Sunday in Whitewater will be partly cloudy with late afternoon rain and a high of seventy-nine. Sunrise is 5:48 AM and sunset 8:13 PM, for 14h 24m 21s of daytime. The moon is a waxing gibbous with 98.6% of its visible disk illuminated.
Today is the one thousand three hundred sixty-third day.
On this day in 1939, Albert Einstein and Leo Szilard write a letter to Franklin D. Roosevelt, urging him to begin a project to develop a nuclear weapon.
Recommended for reading in full —
Caroline E. Janney writes The next Lost Cause?:
The Lost Cause offered former Confederates and their descendants a salve for the past. According to this mythology about the Civil War, the South was the victim, even in defeat. Confederate armies were not vanquished on the battlefield but overwhelmed by insurmountable Union resources; Confederate soldiers were heroic martyrs, none more so than Robert E. Lee; defense of states’ rights, not slavery, caused the war; and African Americans were “faithful slaves,” loyal to their masters and the Confederate cause. Through distortions and omissions, White Southerners constructed a version of history that absolved them of blame.
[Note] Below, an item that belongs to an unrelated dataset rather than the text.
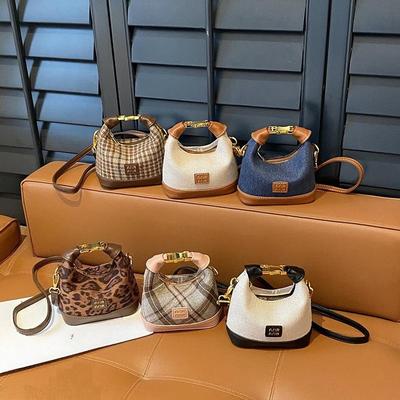 Girls' Handbag Fashionable Little Girl Checkered Shoulder Bag Children's Piggy Bank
Although they were a defeated minority, they organized to spread their message through monuments, literature, film and textbooks across the country — where it dominated for more than a century, shaping partisan politics, American culture and, of course, race relations.
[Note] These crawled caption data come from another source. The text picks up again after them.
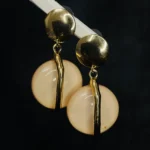Cream Stone Gold Plated Minimal Drop Earrings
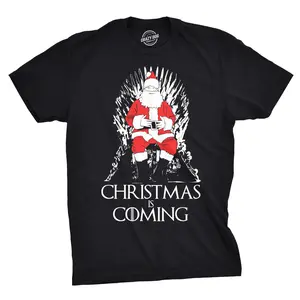 Mens Christmas Is Coming Santa Claus Funny Sarcastic Novelty Top Hilarious Tee Mens Funny T Shirts Cool Vintage Fashion T-Shirt Gift Classic Menswear Christmas Apparel for Men Funny Movie Short Sleeve Novelty Black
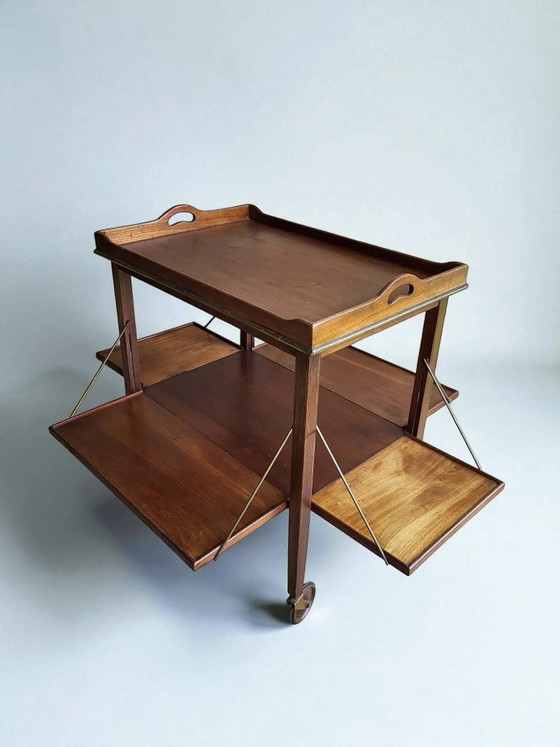 Mesa auxiliar/mesa de té de los años 50 – Carritos de bar, Wood, Brass, Art Deco (photo 12 of 12)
Even as Confederate monuments tumble this summer, we may be witnessing an attempt to form a new lost cause. Today, President Trump describes his opponents as “unfair,” the pandemic sapping his popularity as a “hoax,” the polls that show him losing to Joe Biden as “fake,” and the election in which he’ll face ultimate judgment in November as “rigged” or potentially “stolen.” His defenders are already laboring to cast him as a righteous, noble warrior martyred by traitors and insurmountable forces. They rely on the same tools that were used to promulgate Confederate myths: manipulating facts, claiming persecution, demonizing enemies and rewriting history. In other words, Trump is laying the groundwork to claim moral victory in political defeat — and to deny the legitimacy of the Democratic administration that would displace him.
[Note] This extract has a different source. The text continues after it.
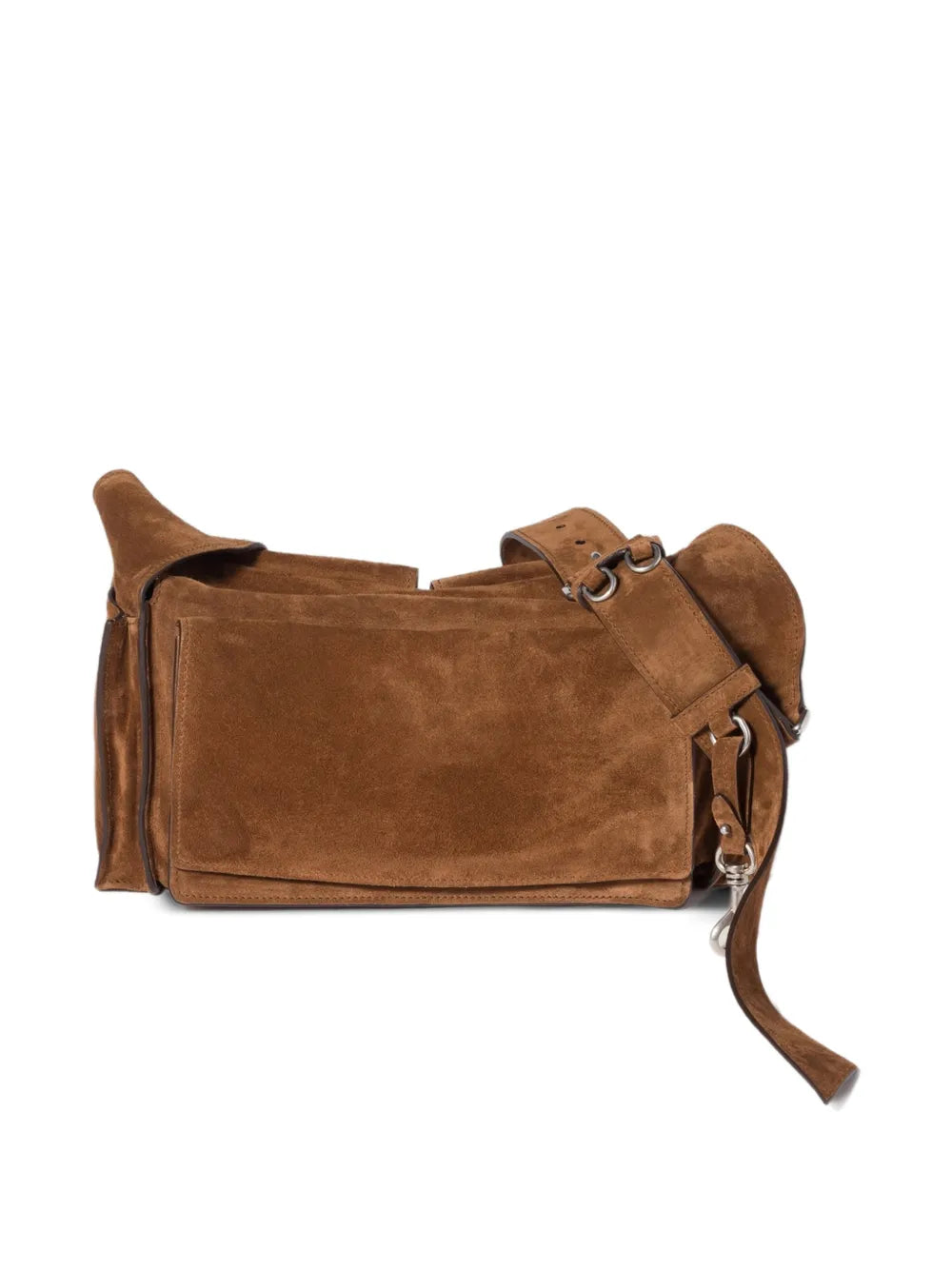 Miu Miu Utilitaire Suede Shoulder Bag — Same as shown — Size One Size — Top View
Jason Gale and Sybilla Gross report Winter virus surge Down Under shows Europe, U.S. what may come:
Deep into the Southern Hemisphere winter, Australia’s second-most populous city Melbourne is experiencing a virus resurgence that dwarfs its first outbreak back in March. The state of Victoria on Thursday reported a high of 723 new infections — nearly 200 more than its previous record set a few days earlier.
The surge epitomizes a disturbing pattern: that subsequent COVID-19 waves can be worse than the first, particularly when the conditions — like people sheltering from colder weather in enclosed spaces — are ripe for transmission. Epidemiologists, who have warned about a possible autumn resurgence in the Northern Hemisphere, are closely watching the situation in Australia.
Rebecca Leber asks Could Trump Have Another Reason for Banning TikTok?:
In June, Trump held a rally in Tulsa, in spite of public health experts’ warnings. (There was a subsequent spike in coronavirus cases there.) Before the rally, hundreds of K-pop fans and TikTok teens pranked the campaign by registering for the free tickets, with no intention of showing up. When the campaign could only fill a fraction of the 19,000-seat stadium in a Republican stronghold, the TikTok teens claimed victory: “best senior prank ever.”
Trump was furious that there were so many empty seats, and, quite possibly, resentful that TikTok teens had outsmarted his campaign.